Rudairo Dickson Mapuranga
Experts are of the view that the bank rate of RTGS dollar to the USD will never surpass that on the parallel market, again giving illegal money changers an edge when it comes to the handling of foreign currency than the banks.
“This means that the new policy instead of curbing black market forex trading have actually managed to strengthen it, the black market might again offer a handsome rate which is difficult to resist to those selling foreign currency and this might cause individuals to go and buy USD to the banks and Bureau de change and sell it to the black market, unless very serious measures have been put against illegal foreign currency dealers, the policy might turn to be just a piece of paper assigned to destroy the economy by giving individuals too much power indirectly” said one expert.
What does this mean?
Miners in particular gold artisanal miners have been receiving forex retention of 70 percent from Fidelity Printers and Refiners (FPR), however, with the new monetary policy outlines that these same miners will get forex retention of 55 percent which is a huge decrease considering the fact that small scale artisanal miners have been crying for 100 percent foreign currency.

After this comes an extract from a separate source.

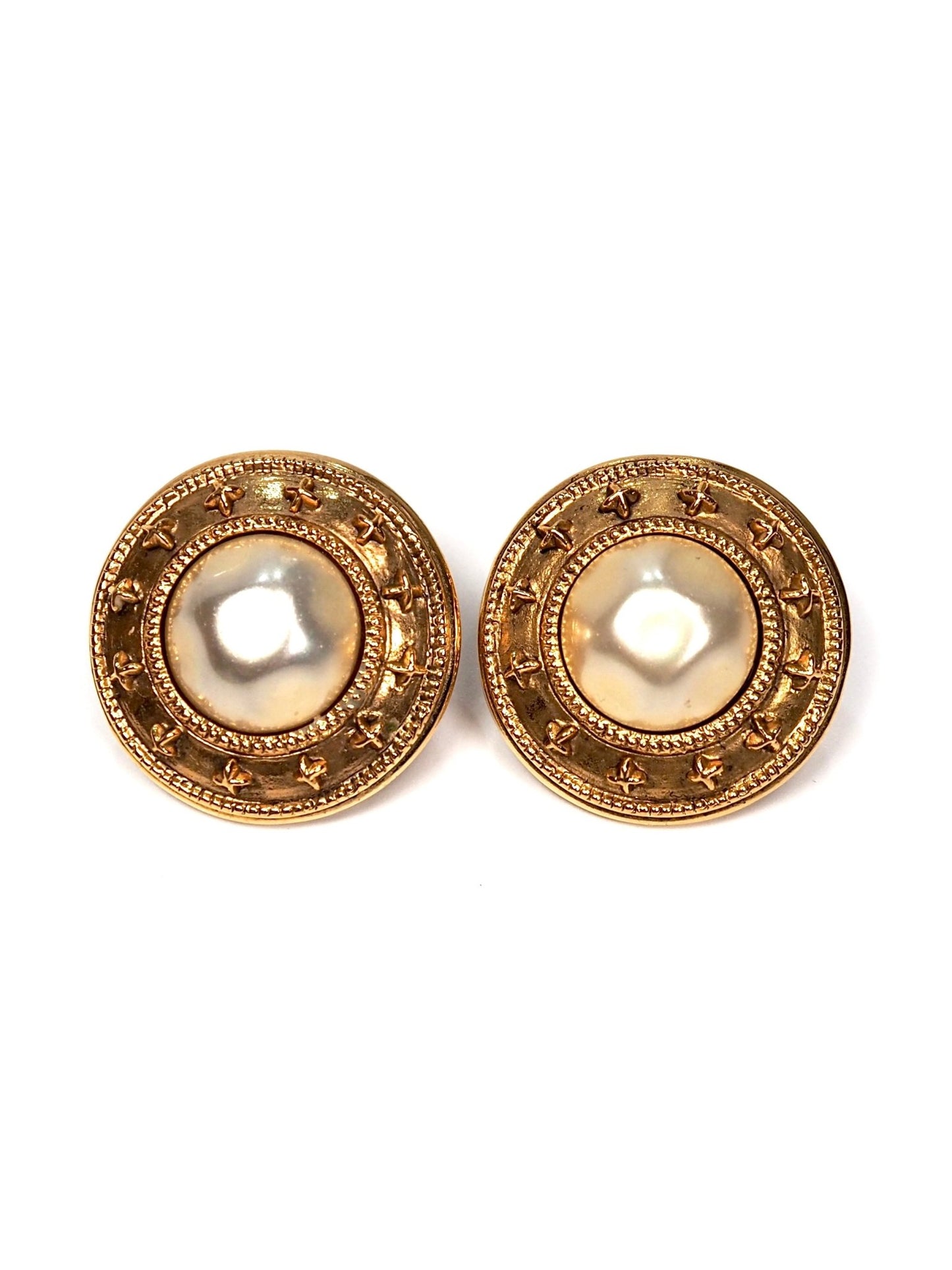 Chanel Faux Pearl Round Gold Star Earrings - Georgie's NYC - Earrings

However, the ability to retain mineral value remains the key point no matter what the market changes to, when one converts RTGS to USD the mineral will retain its value, under the old policy all minerals at 50 percent RTGS lost 39 percent of its value at 1:1 making it not feasible to mine, under the new policy the market rate might ensure the minerals will retain their value in equivalent to USD, on the other hand, the scarcity of the USD and forex might also prove be a stubborn point towards feasibility and equal value.

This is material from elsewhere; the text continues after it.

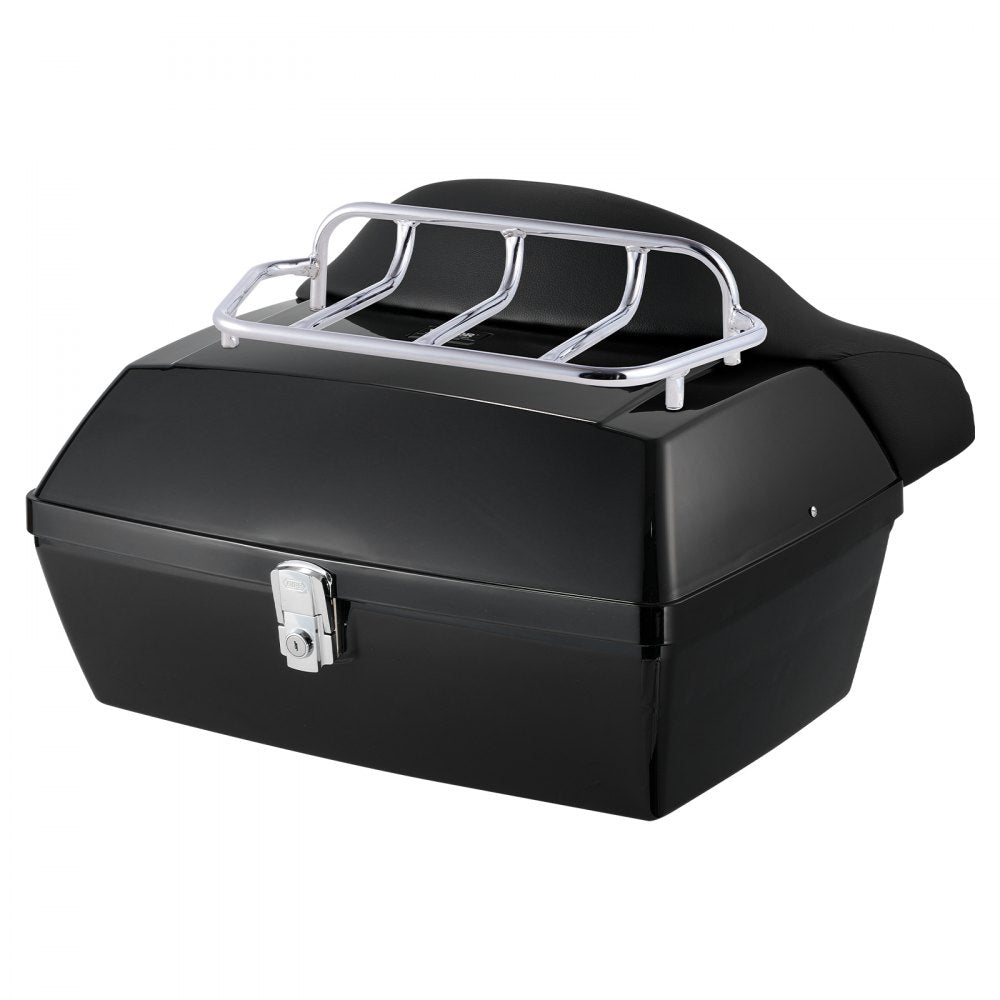 VEVOR Motorcycle Top Case, Universal Durable PP Material Motorbike Tail Box with Reflective Panel, 48L Waterproof Detachable Motorcycle Top Box with Multi-Hole Base, Fit for 99% of Motorcycle Frames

Also according to some miners, the idea that small scale artisanal miners will receive 55 percent retention might be swept under the carpet considering the idea that these miners have been receiving 70 percent from FPR when in actual fact large scale gold miners were getting 55 percent retention, at a window of more than 30 days of which artisanal miners would receive their money instantly, therefore in reality artisanal gold miners might find themselves in a comfortable situation than the rest of miners.
Miners were robbed?
Miners were receiving up to 70 percent USD retention and another 30 percent in RTGS which was pegged at 1:1 with the USD of which in actual fact RGTS and USD were trading differently on the market, which means miners were being robbed of their hard earned money through the 30 percent RTGS.
Reminiscence in policy
In April 2008 the then RBZ Governor Dr Gideon Gono issued a policy that is similar to this new monitory policy where banks and other legalized individuals were the only ones permitted to buy or sell foreign currency in an effort to stabilize the dollar, however, the policy failed to meet expectations, the country experienced a very high inflation, paper money was printed up to 100 Trillion, illegal forex dealers gained ground and became powerful until the Zimbabwean dollar was scrapped in 2009.